Though China specialists and U.S. policymakers are far from precision in their understanding of the relationship between politics and the dynamics of the Chinese economy, one key to better understanding and prediction is a recognition of the multiple bases on which China's political alliances are built. Policy arguments are couched in ideological language, and indeed, ideological cleavages are significant ones. Increasingly, however, over the past quarter century, three other sets of cleavages, and patterns of loyalties they engender, have shaped the political process in China: Generational, regional, and bureacratic.

Sometimes, for the individual, these loyalties are mutually reinforcing in support of a policy decision. More often, however, they put the individual under cross pressures; that is, his competing loyalties dictate support for conflicting policies. Factional strength is thus precarious, and can be shifted by skillful appeals to groups under

cross pressures.

William W. Whitson is Chief of the Foreign Affairs and National Defense Division, Congressional Research Service.

In consequence carefully built compromises among competing loyalties are destined to be altered as their relative importance changes under the pressure of issues. Though our understanding of this process is still rudimentary, such a mode of analysis can be useful giving shape and a sense of dynamics to the process of economic policymaking in China.

The following pages briefly outline the elements of the four major cleavages that shape patterns of loyalties in Chinese politics-the ideological, the generational, the regional, and the bureaucratic-and then sketch how evolving and shifting coalitions have contributed to cyclic patterns in political power structure and style since 1949. This sets the stage for a review of the most critical domestic and foreign political issues currently confronting the leadership, and finally, an assessment of the potential impact on political stability should the leadership choose to depart from policy directions that seem to have emerged since Mao's death.

POLITICAL LOYALTIES

Generational loyalties are the most difficult to assess. Nevertheless, these form the basis for many "old boy networks," each drawing its strength from a unique history of shared crises and achievements.1 Four distinctive generational groupings deserve attention: pre-World War II; the War Years; the Cultural Revolution; and the postCultural Revolution.

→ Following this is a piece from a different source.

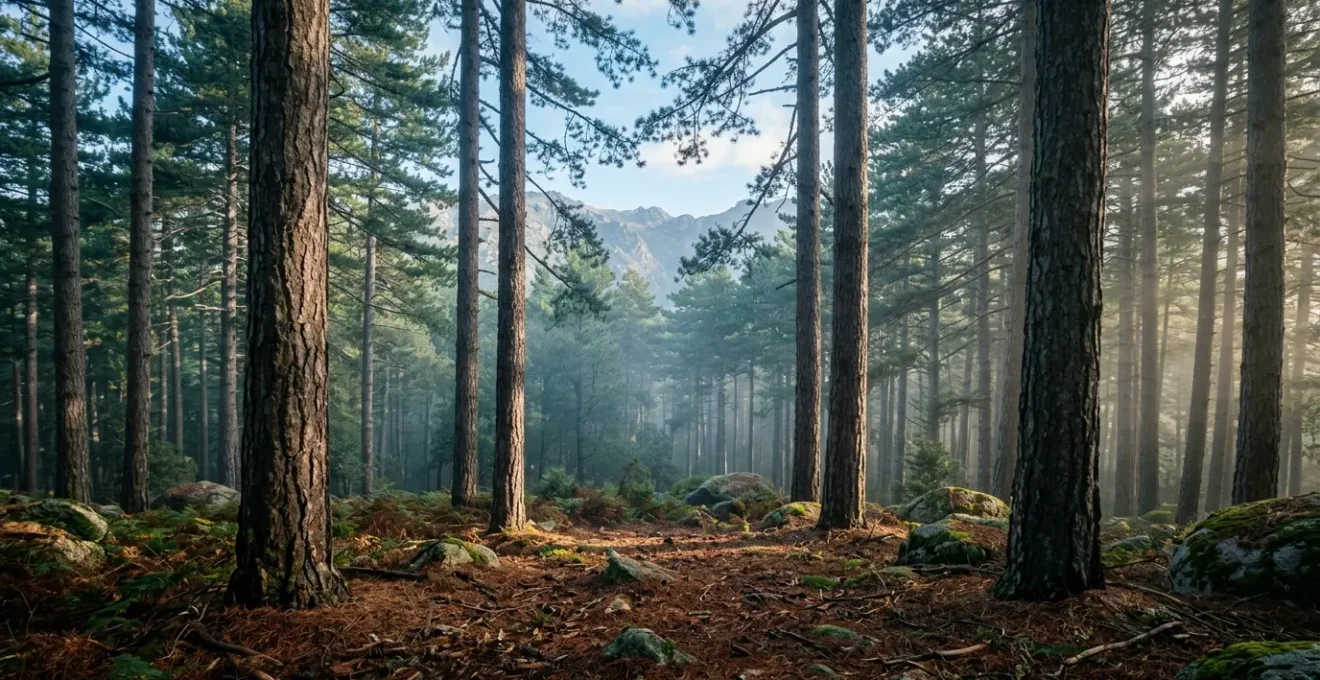 Forêt majestueuse de pins laricio dans les massifs de Vizzavona offrant une ombre dense et fraîche en été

The great majority of the leaders drawn from the pre-World War II years (1922-36) come from the six provinces bordering the Yangtze River. They may, therefore, be called the Southern Revolutionaries. From this group came the "Long Marchers," participants in the epic strategic withdrawal from their fertile but politically hostile homeland to a barren and forbidding loess plateau west of the Yellow River. Men and women who conceived and made a great revolution, these leaders are generalists with long memories and haunting doubts about their legacy to their beloved country. Because most of them are in their seventies, little time remains in which they may place the permanent stamp of their vision, their waning energy, and their enormous experience in China. Most of the central Peking leadership, including the Deputy Premier, Teng Hsiao-p'ing, the new Minister of Defense, Hsu Hsiang-ch'ien, the President of the National People's Congress and former Defense Minister, Yeh Chien-ying, the most of the 11 military regional commanders and chairmen of provincial revolutionary committees belong to this generation. Their influence is still decisive; but their losses in 1976 (e.g., Chou En-Lai, Mao Tse-Tung, Chu Te, Kang Sheng and Tung Pi-Wu) warned them that time is running out.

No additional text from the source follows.